In article <1678@abekrd.UUCP> garyb@abekrd.UUCP (Gary Bartlett) writes:
>*** FLASH OF INSPIRATION ***
>
>I have an idea:
>- Process the original file by putting the line number at the beginning of
>  each line,
>- Process the file to be merged so that the merge points are at the beginning
>  of each of these lines,
>- Cat the two processed files together and pass through 'sort',
>- Remove line numbers from beginning of resulting file, QED
>
>This doesn't matter how big either file is.
>
>Thoughts?

Hmmm....  If you've got the blocks available on your disk to
handle a second copy of the file, read it once and break it
into (n) pieces of your required length, each.  This would
use pretty much the same number of blocks of storage (plus
at most a block-per-chunk for fractional last blocks) and
some number of inodes (number of lines / lines per chunk).

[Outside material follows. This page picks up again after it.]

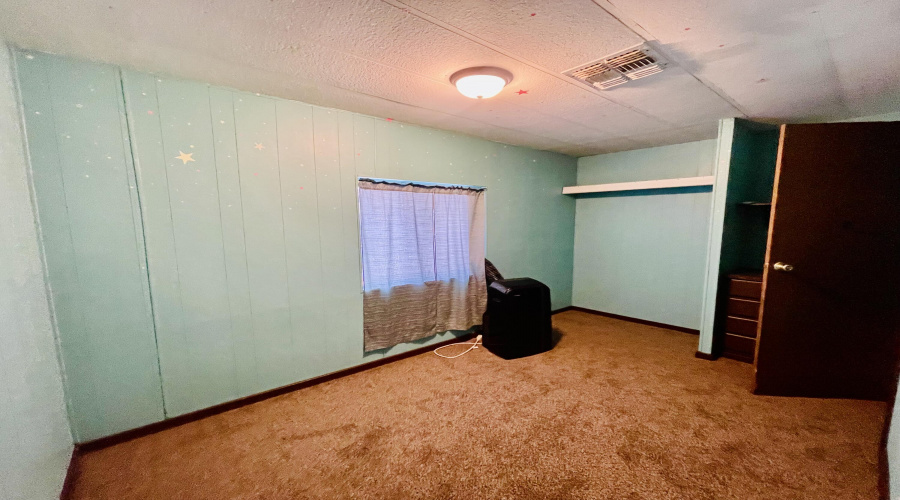 East bedroom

--- multi-piece processing --
:
file=${1:-file}
lines=${2:-200}
base=Base

# awk will return the number of subsets it created
subsets=`awk '
NR == 1 {
	i++
	outfile = base "" i
	print > outfile
	next
	}
NR % lines == 1 {
	close outfile
	i++
	outfile = base "" i
	print > outfile
	next
	}
	
	{ print >> outfile }
END { close outfile; print i + 0 }' base=$base lines=$lines $file`

i=1
while [ $i -le $subsets ]
do
	subset="$base$i"
	cat $subset
	rm $subset	# Clean up now
	echo "# End of block $i"
	i=`expr $i + 1`
done > report	# or pipe it to something else (lp?)
--- multi-piece processing ---

The perl-literate will undoubtedly say "If you're going to do this,
use perl instead", but so it goes...   :-)

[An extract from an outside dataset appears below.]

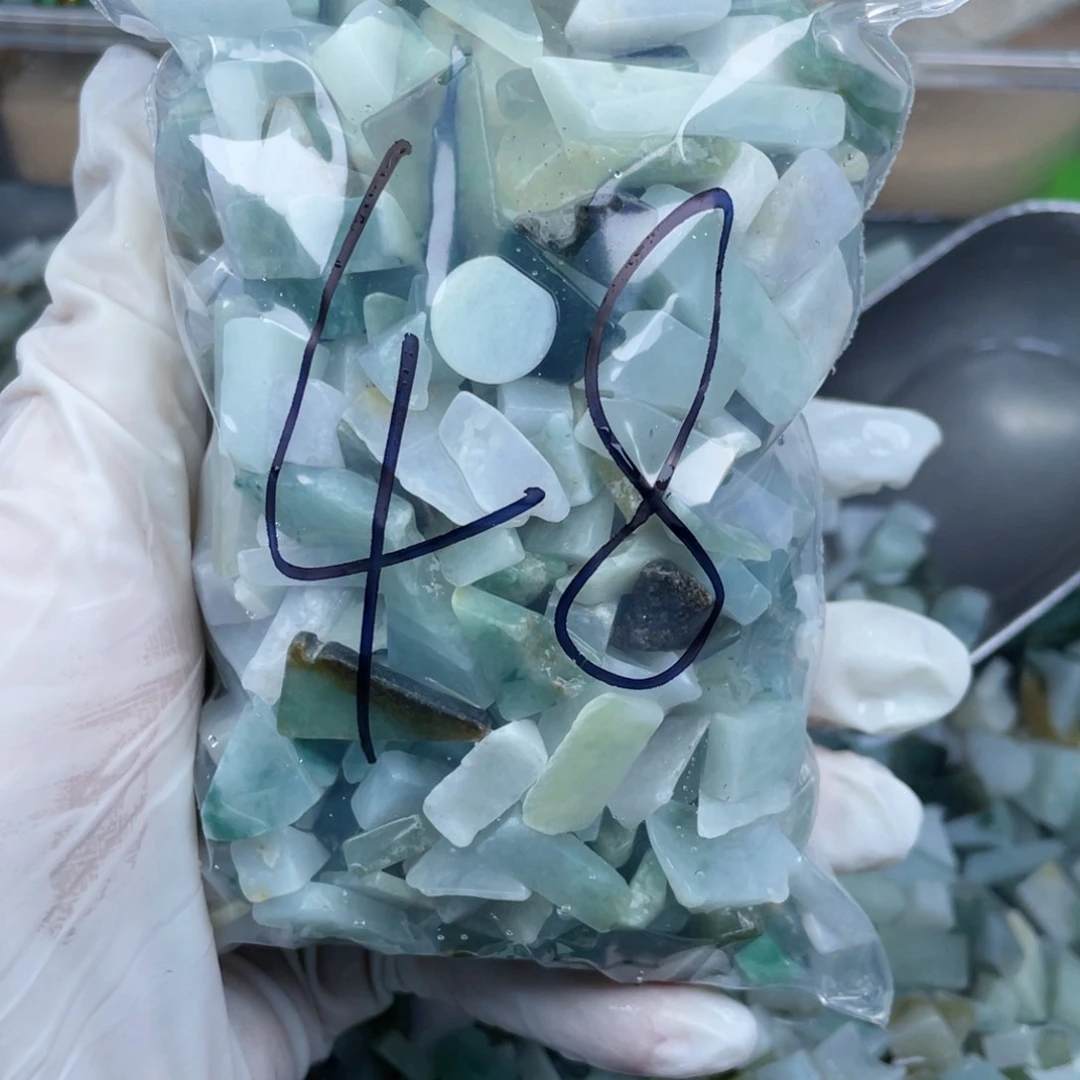 翡翠颈饰未镶嵌翡翠48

Anyhow, this reads the data twice (once to break it into pieces
of $lines; once to cat them into the report file).

>Thanks again for some very useful input,
>Gary

You're very welcome -- helps me stretch out my thinking, too.
...Kris
-- 
Kristopher Stephens, | (408-746-6047) | krs@uts.amdahl.com | KC6DFS
Amdahl Corporation   |                |                    |
     [The opinions expressed above are mine, solely, and do not    ]
     [necessarily reflect the opinions or policies of Amdahl Corp. ]